Hubo una época en la cual se creyó que la opinión pública consolidada era indispensable para contar con una verdadera democracia, debido a que la opinión pública cumplía funciones insustituibles de control del gobierno, incluso del democrático. Semejante posición no solamente fue defendida por el liberalismo y el republicanismo durante el siglo XIX sino sobre todo por los propios jacobinos durante la revolución.
Por ejemplo, según El
Tribuno del Pueblo del 1ro. de enero de 1790, “La opinión pública es la
clase de ley por la que todo individuo puede ser el ministro” (citado en Pierre
Rosanvallon, La contrademocracia, p.
53). Asimismo, el Club des cordeliers
anunciaba que uno de sus principales objetivos era el de “denunciar al tribunal
de la opinión pública los abusos de los distintos poderes y todo tipo de ataque
contra los derechos del hombre” (op. cit., p. 56). Es más, Marat, como periodista, llega a decirles a
los representantes de la Comuna de París: “Soy el ojo del pueblo, ustedes en el
mejor de los casos son el dedo meñique”, como si un periodista pudiera ejercer
un poder de control de tipo democrático.
Sin embargo, uno de los tantos logros del discurso
kirchnerista ha sido el de poner sobre el tapete la noción misma de opinión
pública y su función de control sobre la democracia. Ciertamente, el
kirchnerismo no ha sido completamente original al respecto, sino que ha tomado prestada una hoja del libro cesarista-bonapartista.
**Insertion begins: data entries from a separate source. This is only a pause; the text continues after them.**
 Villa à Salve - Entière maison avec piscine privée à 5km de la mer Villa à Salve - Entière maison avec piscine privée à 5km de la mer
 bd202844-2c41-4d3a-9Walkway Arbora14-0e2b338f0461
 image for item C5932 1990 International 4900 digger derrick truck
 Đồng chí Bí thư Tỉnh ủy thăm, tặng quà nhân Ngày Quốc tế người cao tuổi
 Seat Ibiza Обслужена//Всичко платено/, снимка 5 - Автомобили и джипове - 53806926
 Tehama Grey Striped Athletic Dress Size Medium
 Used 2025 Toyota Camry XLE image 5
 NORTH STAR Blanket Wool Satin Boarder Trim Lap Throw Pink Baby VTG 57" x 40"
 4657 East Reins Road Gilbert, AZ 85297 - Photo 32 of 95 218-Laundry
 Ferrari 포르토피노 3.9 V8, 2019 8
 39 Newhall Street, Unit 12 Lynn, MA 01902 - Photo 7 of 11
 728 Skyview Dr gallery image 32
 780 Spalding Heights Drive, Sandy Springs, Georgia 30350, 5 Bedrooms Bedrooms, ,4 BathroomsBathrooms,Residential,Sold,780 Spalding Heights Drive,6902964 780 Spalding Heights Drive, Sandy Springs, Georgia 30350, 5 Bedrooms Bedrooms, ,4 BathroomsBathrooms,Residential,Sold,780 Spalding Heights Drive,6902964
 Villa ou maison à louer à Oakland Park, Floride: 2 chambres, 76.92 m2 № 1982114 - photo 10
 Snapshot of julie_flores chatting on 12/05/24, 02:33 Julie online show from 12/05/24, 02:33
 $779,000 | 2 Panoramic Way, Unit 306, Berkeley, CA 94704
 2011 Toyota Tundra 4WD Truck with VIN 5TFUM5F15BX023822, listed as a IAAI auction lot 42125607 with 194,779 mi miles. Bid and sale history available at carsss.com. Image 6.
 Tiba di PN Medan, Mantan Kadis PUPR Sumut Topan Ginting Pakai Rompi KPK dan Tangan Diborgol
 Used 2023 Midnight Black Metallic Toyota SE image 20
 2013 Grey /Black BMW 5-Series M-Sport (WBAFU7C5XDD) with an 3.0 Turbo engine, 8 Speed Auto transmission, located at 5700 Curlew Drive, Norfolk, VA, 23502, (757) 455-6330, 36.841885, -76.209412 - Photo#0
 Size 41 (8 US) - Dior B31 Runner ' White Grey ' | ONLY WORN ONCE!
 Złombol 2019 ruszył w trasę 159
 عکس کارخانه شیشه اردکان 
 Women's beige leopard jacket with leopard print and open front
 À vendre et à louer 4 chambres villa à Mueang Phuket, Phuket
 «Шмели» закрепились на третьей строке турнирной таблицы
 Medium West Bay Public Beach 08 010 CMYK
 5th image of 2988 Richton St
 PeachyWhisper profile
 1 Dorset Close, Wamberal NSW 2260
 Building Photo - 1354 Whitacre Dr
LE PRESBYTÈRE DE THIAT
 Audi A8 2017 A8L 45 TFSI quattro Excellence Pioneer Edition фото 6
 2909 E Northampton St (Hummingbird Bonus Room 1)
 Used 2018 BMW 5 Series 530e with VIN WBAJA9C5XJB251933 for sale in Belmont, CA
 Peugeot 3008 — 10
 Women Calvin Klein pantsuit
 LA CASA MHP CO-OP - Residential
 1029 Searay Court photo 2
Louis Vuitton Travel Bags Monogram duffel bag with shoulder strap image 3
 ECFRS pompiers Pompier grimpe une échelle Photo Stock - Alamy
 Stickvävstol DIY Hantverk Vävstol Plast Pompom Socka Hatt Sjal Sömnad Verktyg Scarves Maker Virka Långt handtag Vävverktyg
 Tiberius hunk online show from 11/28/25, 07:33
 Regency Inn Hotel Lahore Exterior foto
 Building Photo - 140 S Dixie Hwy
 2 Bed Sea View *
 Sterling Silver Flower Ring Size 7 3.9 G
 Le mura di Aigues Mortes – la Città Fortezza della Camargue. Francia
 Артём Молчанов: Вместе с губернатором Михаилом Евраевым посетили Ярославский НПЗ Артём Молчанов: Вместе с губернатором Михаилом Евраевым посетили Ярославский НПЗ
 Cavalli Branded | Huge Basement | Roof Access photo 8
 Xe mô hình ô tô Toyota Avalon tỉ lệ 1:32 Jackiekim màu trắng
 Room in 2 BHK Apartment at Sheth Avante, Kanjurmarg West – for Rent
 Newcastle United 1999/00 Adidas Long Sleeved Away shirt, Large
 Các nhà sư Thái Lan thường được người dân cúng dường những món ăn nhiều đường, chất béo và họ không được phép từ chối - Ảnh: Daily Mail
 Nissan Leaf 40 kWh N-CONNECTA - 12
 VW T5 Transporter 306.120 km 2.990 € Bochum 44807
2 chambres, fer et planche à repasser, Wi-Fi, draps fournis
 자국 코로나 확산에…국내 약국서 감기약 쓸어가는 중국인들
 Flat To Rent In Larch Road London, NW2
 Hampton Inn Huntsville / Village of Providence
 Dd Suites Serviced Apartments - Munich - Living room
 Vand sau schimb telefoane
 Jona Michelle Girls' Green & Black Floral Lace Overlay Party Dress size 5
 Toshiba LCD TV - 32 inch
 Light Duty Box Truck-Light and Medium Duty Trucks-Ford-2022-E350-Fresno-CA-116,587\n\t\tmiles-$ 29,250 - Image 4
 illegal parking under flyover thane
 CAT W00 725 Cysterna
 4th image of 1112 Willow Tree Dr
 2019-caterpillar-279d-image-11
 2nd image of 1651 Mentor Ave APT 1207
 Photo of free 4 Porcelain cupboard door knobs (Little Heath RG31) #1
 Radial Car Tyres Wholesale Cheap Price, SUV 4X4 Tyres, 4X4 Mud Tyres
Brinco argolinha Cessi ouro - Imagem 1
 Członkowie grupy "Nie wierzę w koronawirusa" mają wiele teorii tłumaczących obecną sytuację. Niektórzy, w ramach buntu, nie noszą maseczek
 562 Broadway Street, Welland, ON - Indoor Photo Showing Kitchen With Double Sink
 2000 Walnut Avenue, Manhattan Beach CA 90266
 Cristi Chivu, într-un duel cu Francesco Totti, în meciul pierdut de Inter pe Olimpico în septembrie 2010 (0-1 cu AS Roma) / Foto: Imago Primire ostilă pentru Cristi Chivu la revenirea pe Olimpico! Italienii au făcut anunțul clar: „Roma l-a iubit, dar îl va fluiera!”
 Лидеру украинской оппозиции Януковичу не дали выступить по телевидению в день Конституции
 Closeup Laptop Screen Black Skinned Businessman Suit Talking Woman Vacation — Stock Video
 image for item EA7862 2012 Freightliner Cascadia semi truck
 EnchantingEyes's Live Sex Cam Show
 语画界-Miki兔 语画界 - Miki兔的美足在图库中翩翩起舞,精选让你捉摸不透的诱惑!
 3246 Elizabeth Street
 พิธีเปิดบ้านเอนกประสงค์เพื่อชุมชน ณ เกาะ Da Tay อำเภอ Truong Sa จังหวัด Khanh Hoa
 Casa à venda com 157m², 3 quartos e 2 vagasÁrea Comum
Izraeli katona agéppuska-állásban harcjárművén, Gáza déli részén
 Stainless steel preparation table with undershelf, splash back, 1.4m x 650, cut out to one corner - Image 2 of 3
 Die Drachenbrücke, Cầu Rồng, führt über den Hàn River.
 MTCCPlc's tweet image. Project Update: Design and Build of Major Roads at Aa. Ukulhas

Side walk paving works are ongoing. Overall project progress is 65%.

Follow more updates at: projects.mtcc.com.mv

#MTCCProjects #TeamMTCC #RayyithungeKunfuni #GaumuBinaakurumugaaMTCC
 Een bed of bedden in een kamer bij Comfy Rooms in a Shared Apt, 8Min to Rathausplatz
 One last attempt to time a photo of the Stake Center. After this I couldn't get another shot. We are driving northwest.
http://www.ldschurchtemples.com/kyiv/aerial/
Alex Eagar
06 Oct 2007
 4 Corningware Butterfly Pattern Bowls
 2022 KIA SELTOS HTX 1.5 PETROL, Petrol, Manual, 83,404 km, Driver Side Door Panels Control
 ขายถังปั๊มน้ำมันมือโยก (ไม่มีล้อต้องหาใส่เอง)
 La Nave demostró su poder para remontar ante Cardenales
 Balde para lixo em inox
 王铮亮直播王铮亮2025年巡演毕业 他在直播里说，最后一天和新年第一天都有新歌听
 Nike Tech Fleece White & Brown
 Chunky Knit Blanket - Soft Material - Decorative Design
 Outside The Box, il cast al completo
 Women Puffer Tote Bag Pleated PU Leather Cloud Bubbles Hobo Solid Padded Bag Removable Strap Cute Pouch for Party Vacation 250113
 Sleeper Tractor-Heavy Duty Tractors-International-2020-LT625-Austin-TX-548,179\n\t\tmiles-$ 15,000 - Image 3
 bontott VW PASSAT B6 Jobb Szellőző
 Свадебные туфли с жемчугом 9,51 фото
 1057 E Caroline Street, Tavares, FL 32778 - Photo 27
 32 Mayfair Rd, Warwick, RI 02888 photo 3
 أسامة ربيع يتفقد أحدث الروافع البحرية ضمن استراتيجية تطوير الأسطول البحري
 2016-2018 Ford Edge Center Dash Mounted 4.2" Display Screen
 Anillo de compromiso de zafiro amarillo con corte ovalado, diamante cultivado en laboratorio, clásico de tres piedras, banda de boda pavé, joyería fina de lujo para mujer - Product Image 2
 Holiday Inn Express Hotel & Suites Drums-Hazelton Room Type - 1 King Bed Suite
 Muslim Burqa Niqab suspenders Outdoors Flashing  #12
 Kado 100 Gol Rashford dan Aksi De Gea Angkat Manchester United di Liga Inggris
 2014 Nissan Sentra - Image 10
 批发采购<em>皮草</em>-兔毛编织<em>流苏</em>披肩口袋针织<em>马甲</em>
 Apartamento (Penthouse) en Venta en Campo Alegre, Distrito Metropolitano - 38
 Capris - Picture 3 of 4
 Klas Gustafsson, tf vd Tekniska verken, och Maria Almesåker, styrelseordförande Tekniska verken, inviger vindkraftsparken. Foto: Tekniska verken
En efecto, para el cesarismo el pueblo no necesita de
garantías contra el poder dado que el cesarismo emana del pueblo mismo. ¿Para
qué controlar cuando no hay nada que controlar? Tal como lo ha constatado recientemente
Hernán Brienza (citando de hecho la obra de Rosanvallon), el pueblo argentino
no desconfía de su gobierno (click). Solamente a un jacobino se le pudo haber ocurrido
que el pueblo tiene que controlar al gobierno.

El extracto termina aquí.